• **ACTION ITEM**
A faithful copy of all the records is needed, with the pictures omitted.
# # # # # # #
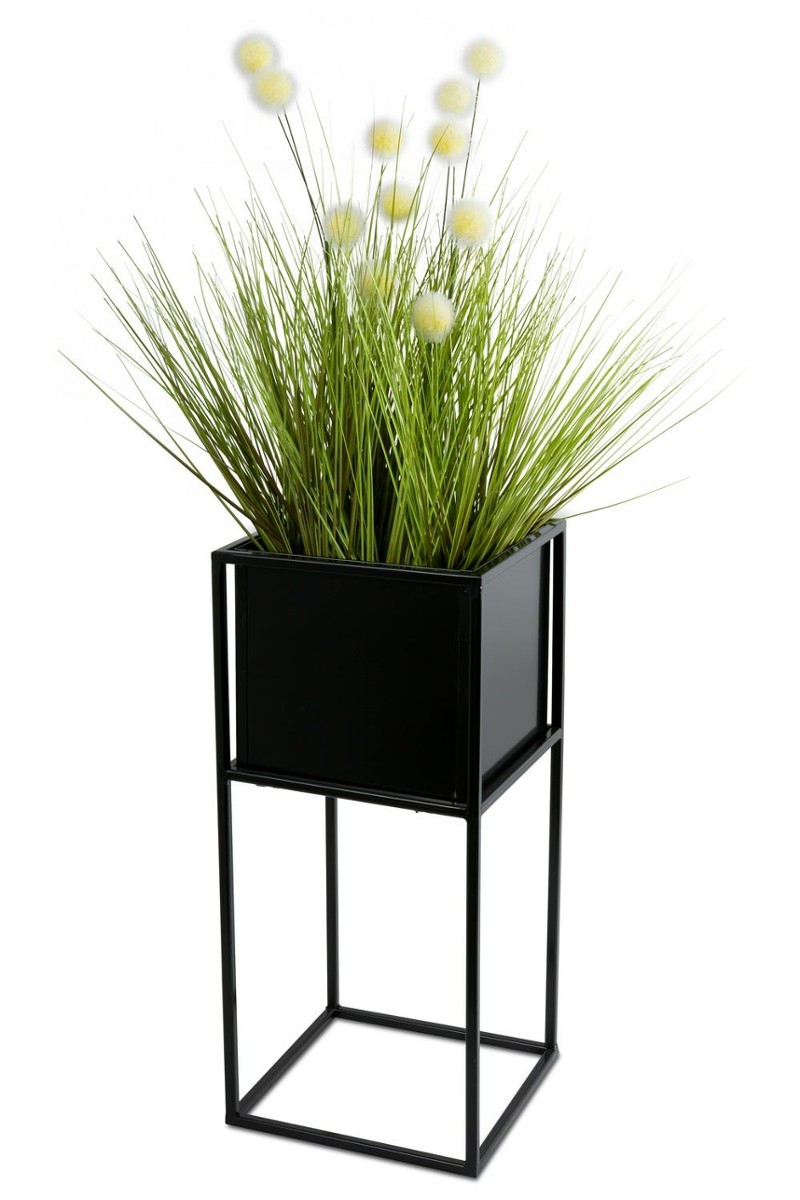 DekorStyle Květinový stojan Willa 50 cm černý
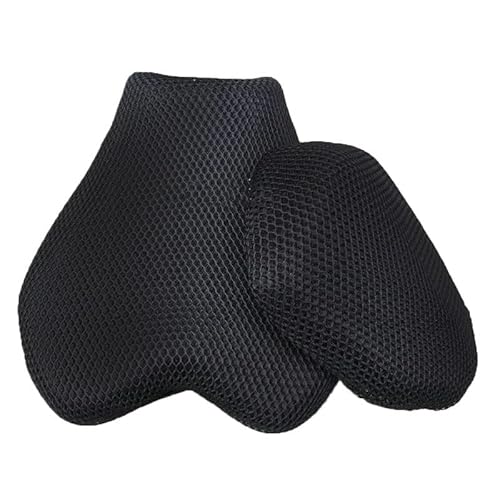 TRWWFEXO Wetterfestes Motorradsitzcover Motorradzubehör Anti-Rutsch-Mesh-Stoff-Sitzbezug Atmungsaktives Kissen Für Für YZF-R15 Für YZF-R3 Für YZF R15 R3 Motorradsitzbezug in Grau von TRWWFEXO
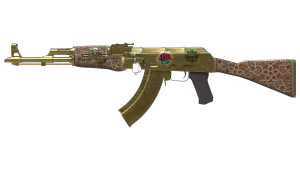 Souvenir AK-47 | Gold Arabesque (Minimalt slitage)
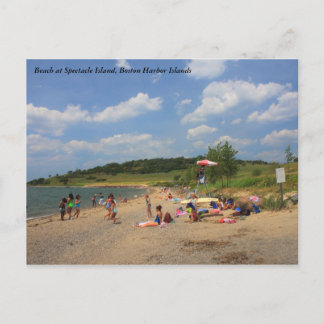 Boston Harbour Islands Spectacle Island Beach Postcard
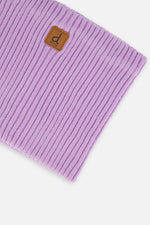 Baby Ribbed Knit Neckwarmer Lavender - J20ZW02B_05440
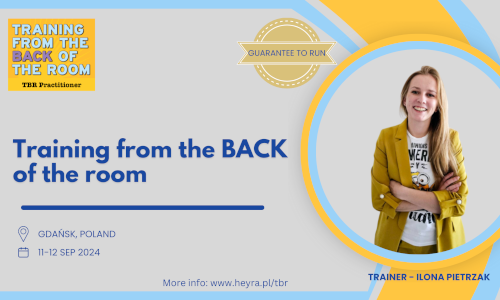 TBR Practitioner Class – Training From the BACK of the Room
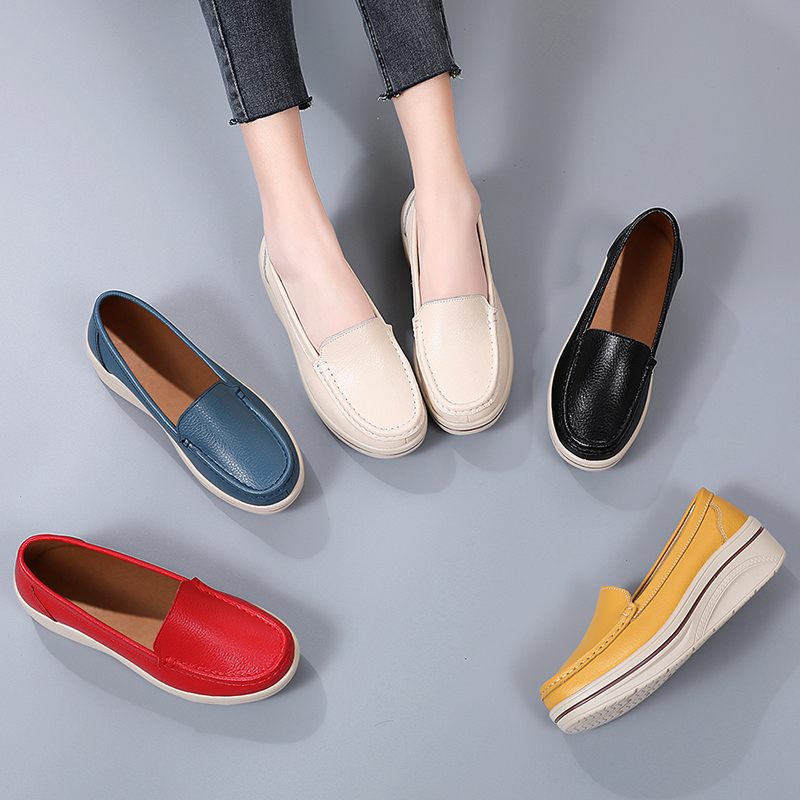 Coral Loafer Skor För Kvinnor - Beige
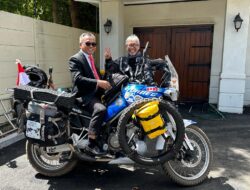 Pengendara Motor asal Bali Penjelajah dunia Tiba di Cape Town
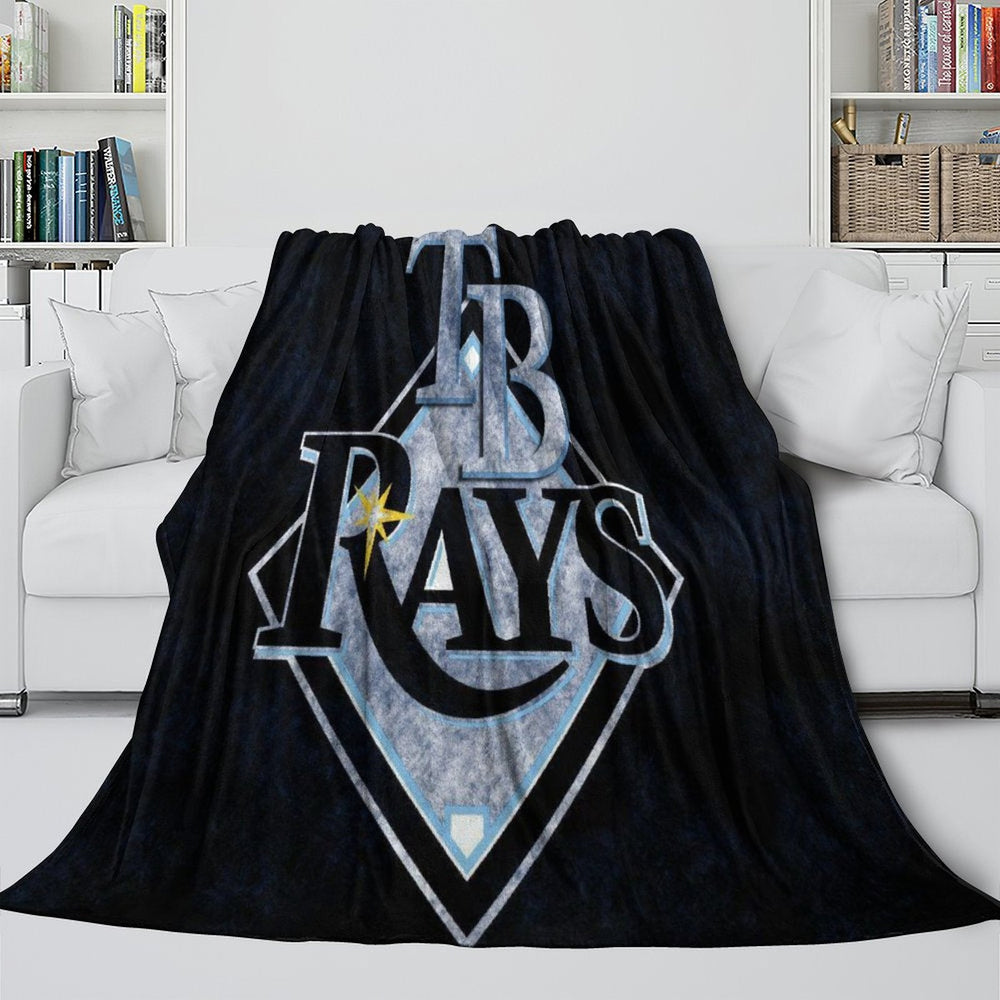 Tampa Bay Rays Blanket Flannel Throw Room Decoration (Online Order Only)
# # # # # # #
• **SOLVED EXERCISE**
 DekorStyle Květinový stojan Willa 50 cm černý
 TRWWFEXO Wetterfestes Motorradsitzcover Motorradzubehör Anti-Rutsch-Mesh-Stoff-Sitzbezug Atmungsaktives Kissen Für Für YZF-R15 Für YZF-R3 Für YZF R15 R3 Motorradsitzbezug in Grau von TRWWFEXO
 Souvenir AK-47 | Gold Arabesque (Minimalt slitage)
 Boston Harbour Islands Spectacle Island Beach Postcard
 Baby Ribbed Knit Neckwarmer Lavender - J20ZW02B_05440
 TBR Practitioner Class – Training From the BACK of the Room
 Coral Loafer Skor För Kvinnor - Beige
 Pengendara Motor asal Bali Penjelajah dunia Tiba di Cape Town
 Tampa Bay Rays Blanket Flannel Throw Room Decoration (Online Order Only)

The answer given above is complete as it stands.